My mum died. My mum died almost 11 years ago, and sometimes I still expect her voice when I answer the phone. My mum died almost 11 years ago, and I still don’t think I’m used to navigating life without her. My mum died almost 11 years ago, and although I’ve aged in that time, married, had children, there are still times that I just want to stamp my feet and cry at how unfair it is that I have to do all this without mum here to talk to.

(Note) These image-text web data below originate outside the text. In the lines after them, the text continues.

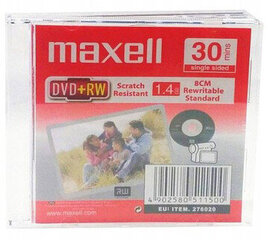 Maxell DVD+RW 1,4GB 4x 30min Slim hind ja info | Vinüülplaadid, CD, DVD | hansapost.ee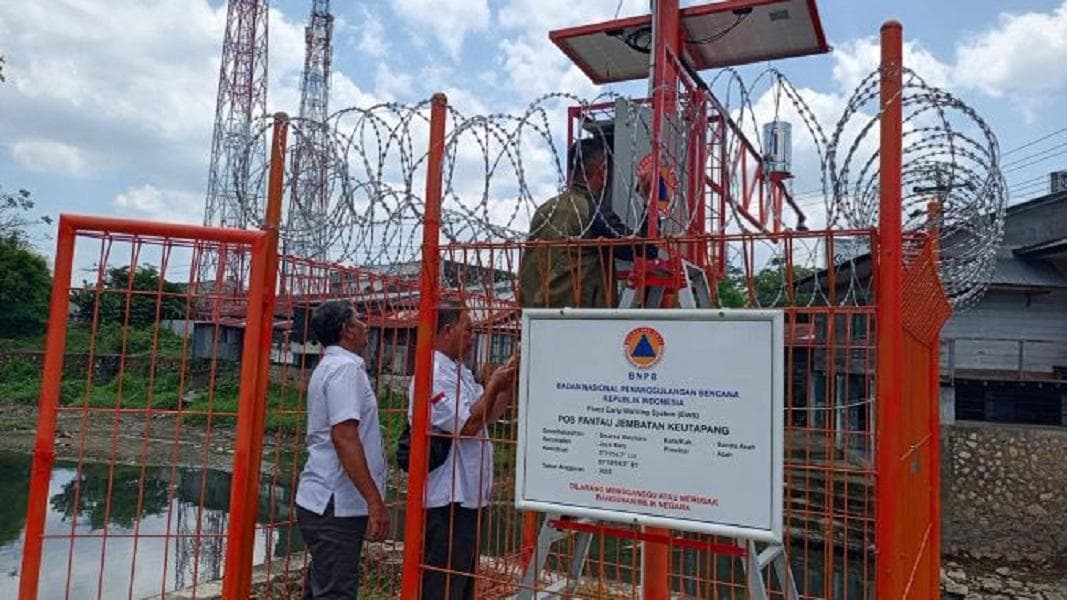 BPBD Banda Aceh Cek Sistem Peringatan Dini Pascalebaran untuk Antisipasi Bencana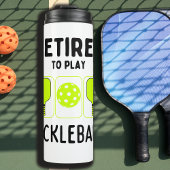 Ruhestand zum Pickleball Thermosbecher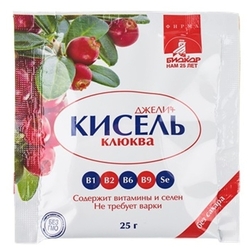 Купить Джели+ Кисель пор гранул с ягодами 25г клюква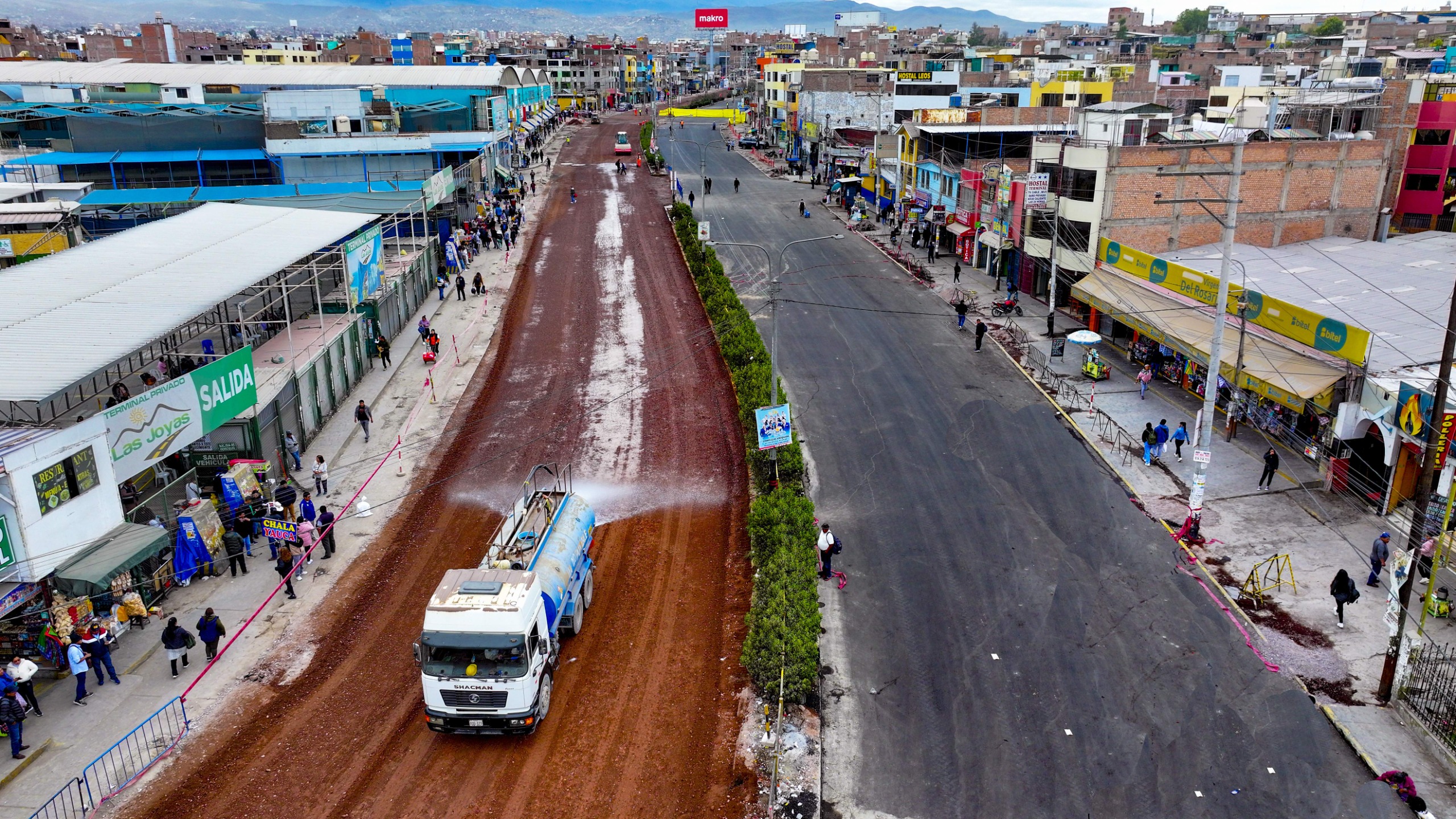 Comerciantes esperan que obras en Avelino culminen en la fecha señalada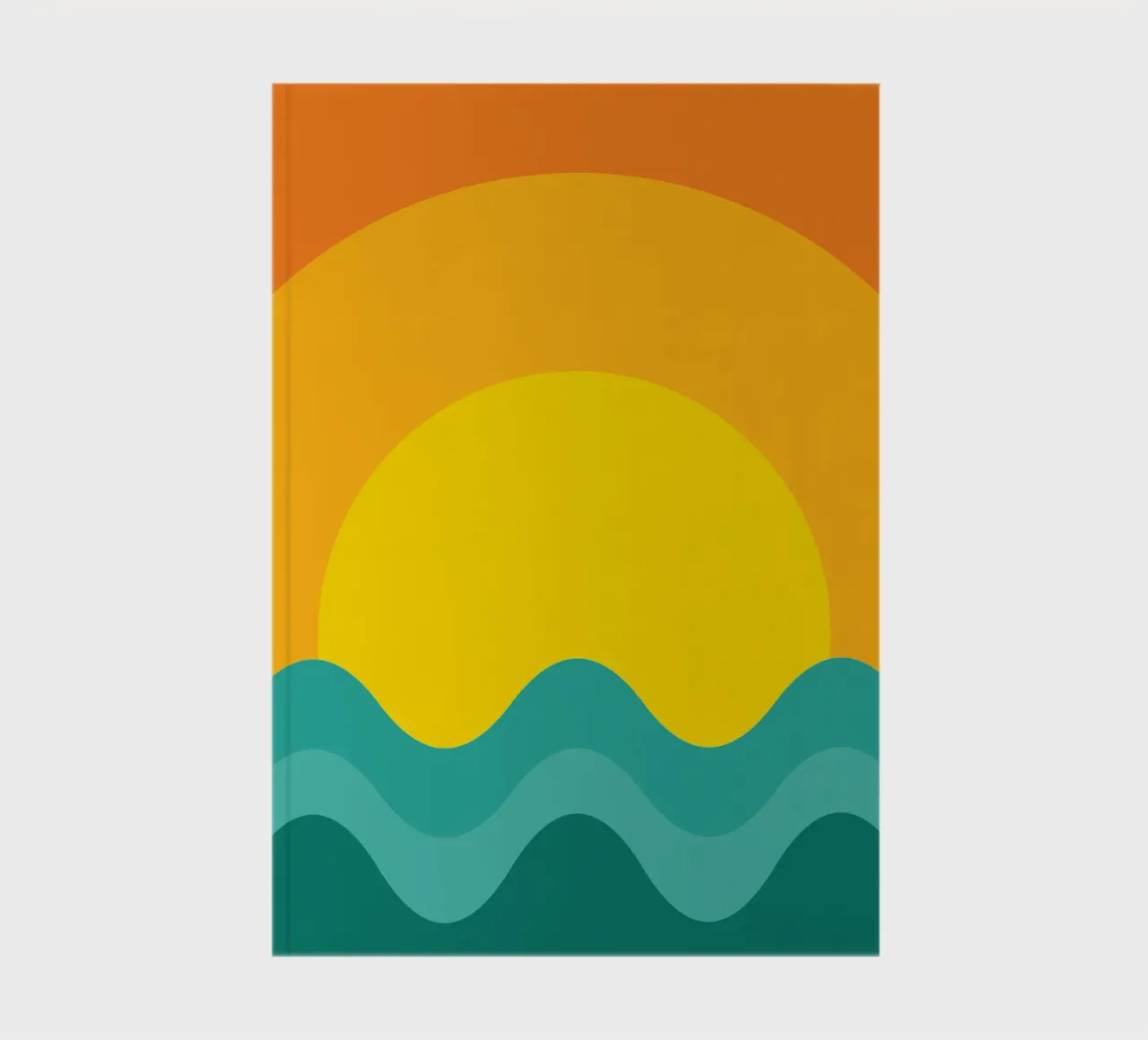 sunset color vector notebook by Plumpz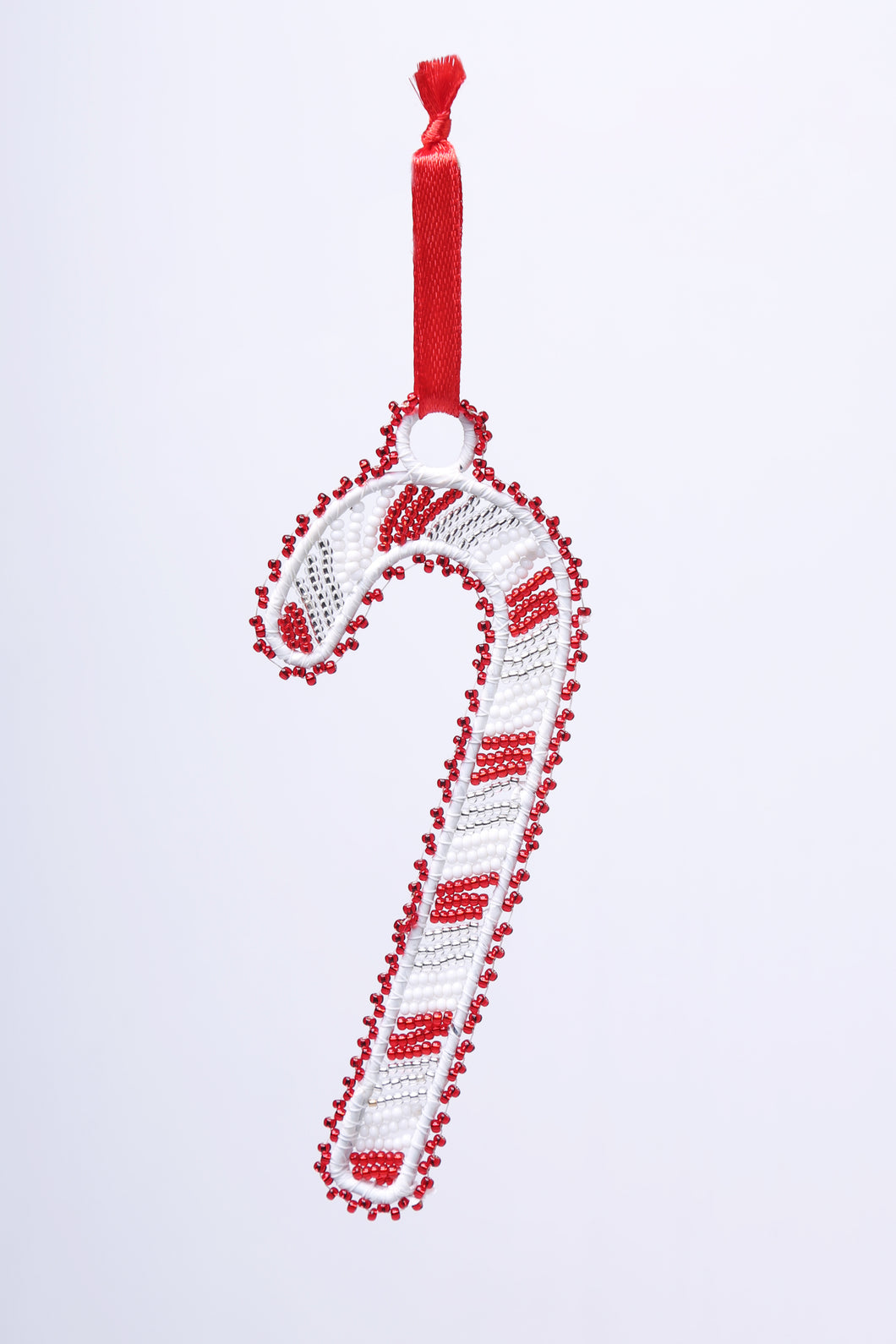 beaded candy cane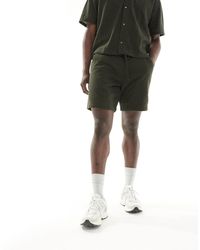 Abercrombie & Fitch - Pantalones cortos holgados sin cierres - Lyst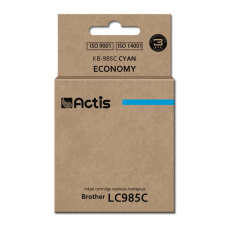 Actis KB-985C inkoust (náhrada za Brother LC985C; standardní; 19,5 ml; modrý)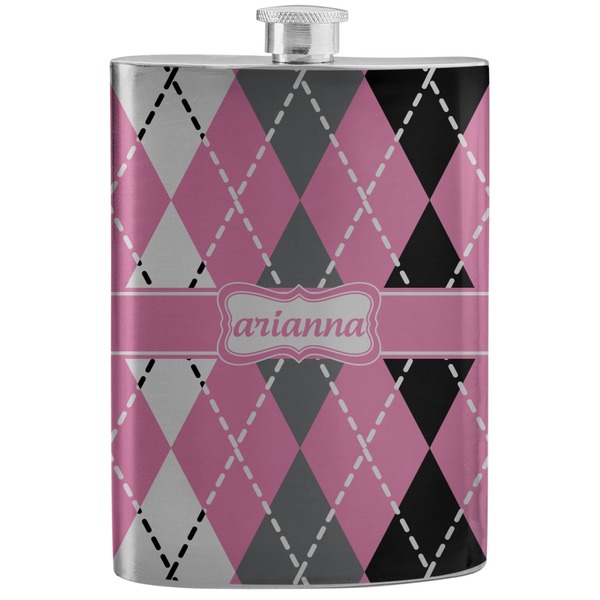 Custom Argyle Stainless Steel Flask (Personalized)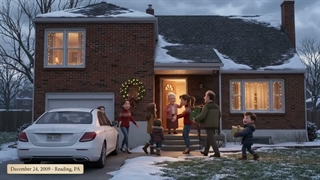 Christmas Eve Arrival at Oma’s House in Reading, PA (3D animation)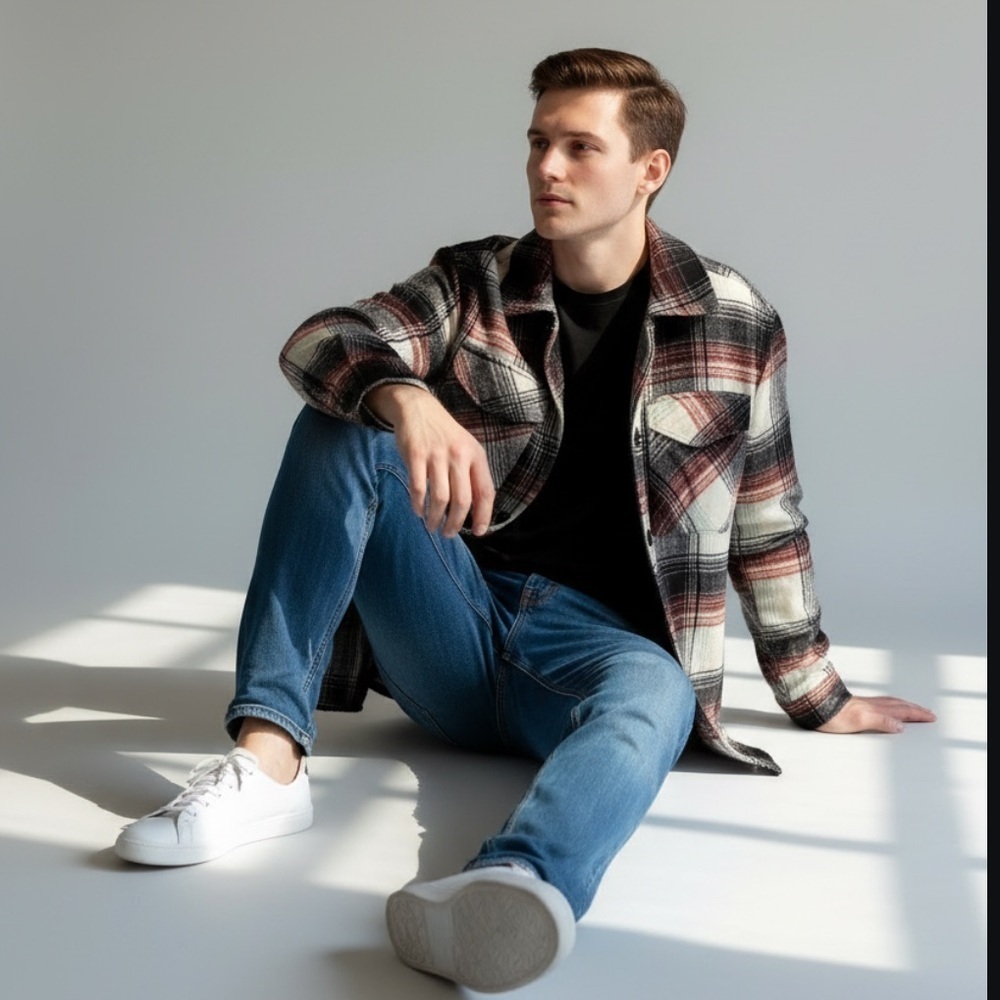Hurley Plaid Button-Up Shirt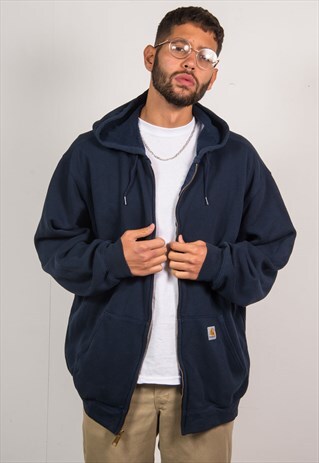 CARHARTT HOODIE SWEATSHIRT HOODED ZIP FASTEN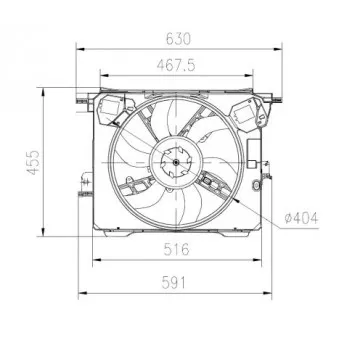 NRF 47899 - Ventilateur, refroidissement du moteur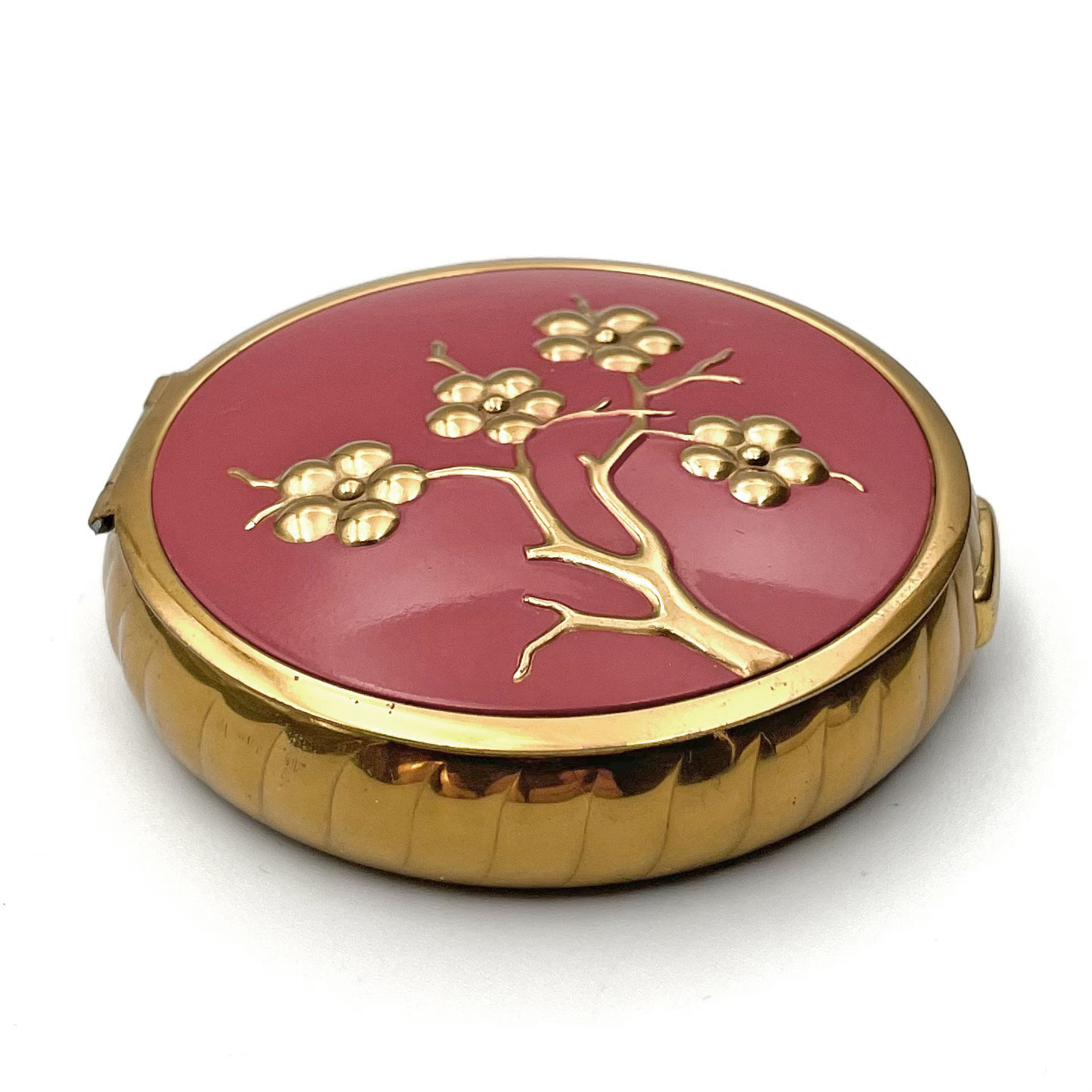 1950s Evans Blossoms Enameled Compact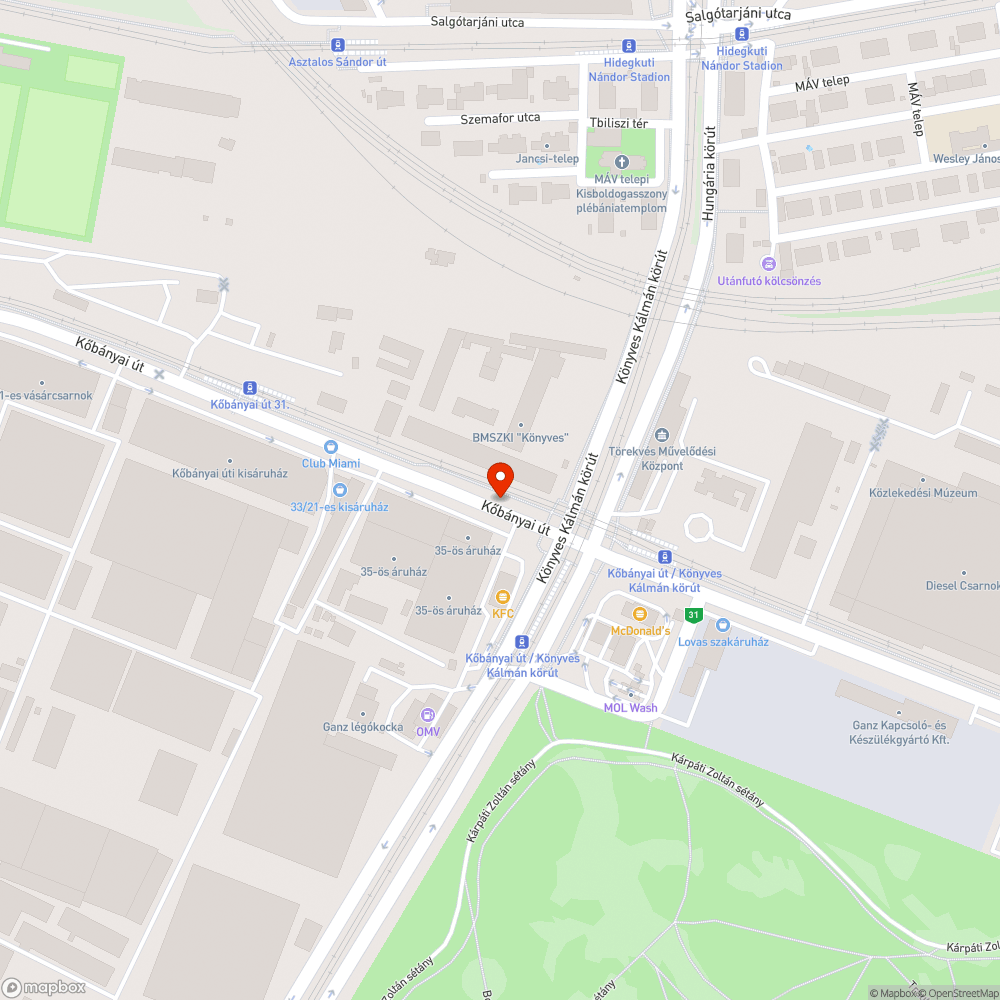 Szemetes vágány zóna bejelentés helye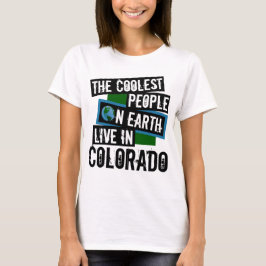 Camiseta La gente más fría de la Tierra vive en Colorado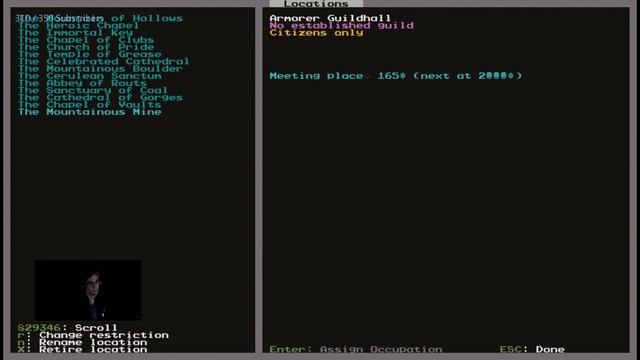 Dwarf Fortress - Explaining Guild Halls. смотреть онлайн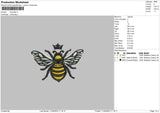 King Bee Embroidery File 6 sizes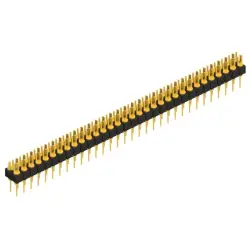 Pin header, 64 pole, pitch 2.54 mm, straight, black, MK 202 64 G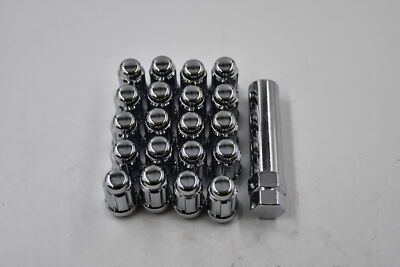 Set 20 M12x1.25 Chrome Spline Lug Nuts Key MHT Kit Fits Subaru Infiniti Nissan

My mum was amazing – I know people always say nice things about people after they’ve died, but my mum really was amazing. She had a laugh you couldn’t ignore, and gave the best cuddles. She called me ‘doll’ and when she died I was 23 and we had just made that transition from ‘mum and daughter’ to ‘mum-friend and daughter-friend’. We talked almost every day and she used to say that I probably told her more than I should. When she died, I felt lucky that I had had so long with her. I felt like I was past the age that I needed a mum and that it all would have been so much worse if I had been younger. I think I was probably right, but at the same time, the older I get the more I realise how much we’ve all missed out on – I’ve missed out on having my mum to plan my wedding with and missed having her to complain to friends about when I had babies and didn’t have her giving me unwanted advice. But, god, how I wanted her advice. My children have missed out on knowing their grandma – and she would have been the best grandma. My husband has missed out on having a mother-in-law to roll his eyes about. And she’s missed out too – she’s missed out on getting to know my beautiful babies and all the next points of her life.
Life without mum is just downright weird. Logically, you know that parents ‘should’ die before their children, but there are times when I feel as helpless as a fledgling abandoned in a nest. I have a picture in my head of what it means to be a mum and a wife…but only up to a point. It’s like my mum’s life is the guide map to my own. I can picture my mum at my age – I can plot my own life through hers and know what I’ll look like, how I’ll tackle challenges, how my children will see me – but only up until I’m 45. After that I have no idea. What happens when you over take your mother?
I guess all I can do is live my life in a way that would make her proud. And it’s not enough – I know she’s somewhere in the ethereal ‘ever’ watching over us, and in that sense she’s proud of us, and loves my children. But it’s not enough. I don’t know how to mark my life to show that she has a space with me. I can see little glimpses of her sometimes in things I say, and in a fleeting expression on my daughter’s face. But I don’t know if the absence of mum in my life will ever get easier to bear. I don’t know if the scar left on the landscape of my life will ever grow over.
I don’t know why I’m writing this really. And I don’t know how to end it, because there’s no way to ‘sign off’ without sounding either trite or maudlin. I miss her. I don’t know if that will ever end.